Exercise directions: Treat the line containing "Designer Brown Crossbody Phone Bag" as the last one, and return every line exactly from the first line of the material below up to it.

The data:
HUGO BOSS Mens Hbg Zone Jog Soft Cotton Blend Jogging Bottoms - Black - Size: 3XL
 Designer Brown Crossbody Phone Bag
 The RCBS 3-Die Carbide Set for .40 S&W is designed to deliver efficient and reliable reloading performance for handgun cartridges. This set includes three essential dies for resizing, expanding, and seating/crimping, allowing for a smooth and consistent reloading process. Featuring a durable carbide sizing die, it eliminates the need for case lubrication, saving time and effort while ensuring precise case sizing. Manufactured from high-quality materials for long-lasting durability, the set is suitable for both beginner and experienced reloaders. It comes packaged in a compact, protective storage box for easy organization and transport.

Exercise response:
HUGO BOSS Mens Hbg Zone Jog Soft Cotton Blend Jogging Bottoms - Black - Size: 3XL
 Designer Brown Crossbody Phone Bag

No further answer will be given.